DATA FOR THIS TASK →
####################

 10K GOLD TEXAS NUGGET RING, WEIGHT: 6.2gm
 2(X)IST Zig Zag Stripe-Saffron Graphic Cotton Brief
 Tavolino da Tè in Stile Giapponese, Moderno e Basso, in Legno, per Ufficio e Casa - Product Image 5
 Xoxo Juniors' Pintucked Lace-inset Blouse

####################

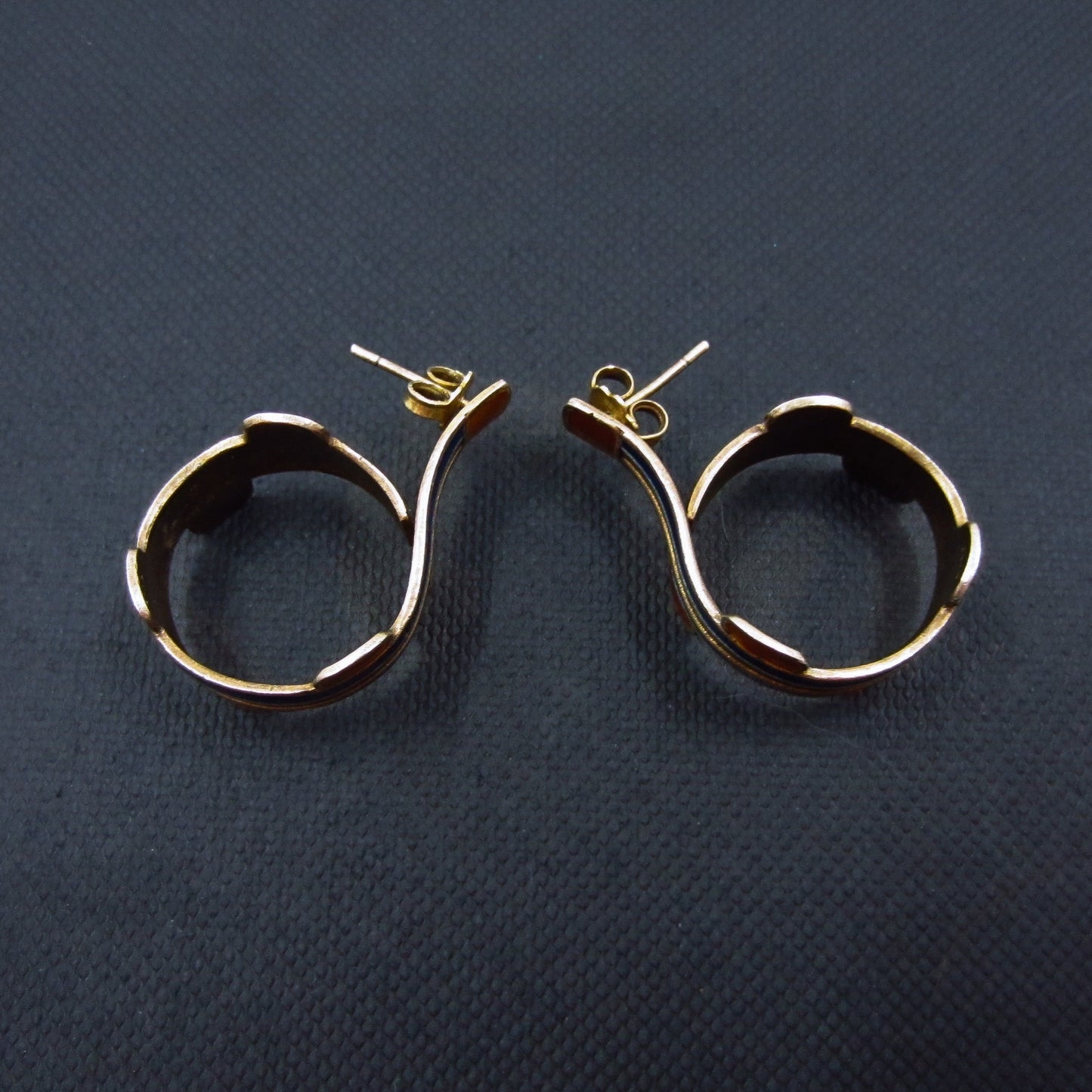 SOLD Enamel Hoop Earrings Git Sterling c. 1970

####################

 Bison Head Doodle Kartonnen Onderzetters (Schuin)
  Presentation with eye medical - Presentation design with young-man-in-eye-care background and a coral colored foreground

####################

ACTION ITEM → In the listing above, find the line with "10K GOLD TEXAS NUGGET RING, WEIGHT: 6.2gm" and the line with "Xoxo Juniors' Pintucked Lace-inset Blouse"; set down exactly those two lines and every line between them, nothing more.

RESULT OF THIS EXERCISE →
 10K GOLD TEXAS NUGGET RING, WEIGHT: 6.2gm
 2(X)IST Zig Zag Stripe-Saffron Graphic Cotton Brief
 Tavolino da Tè in Stile Giapponese, Moderno e Basso, in Legno, per Ufficio e Casa - Product Image 5
 Xoxo Juniors' Pintucked Lace-inset Blouse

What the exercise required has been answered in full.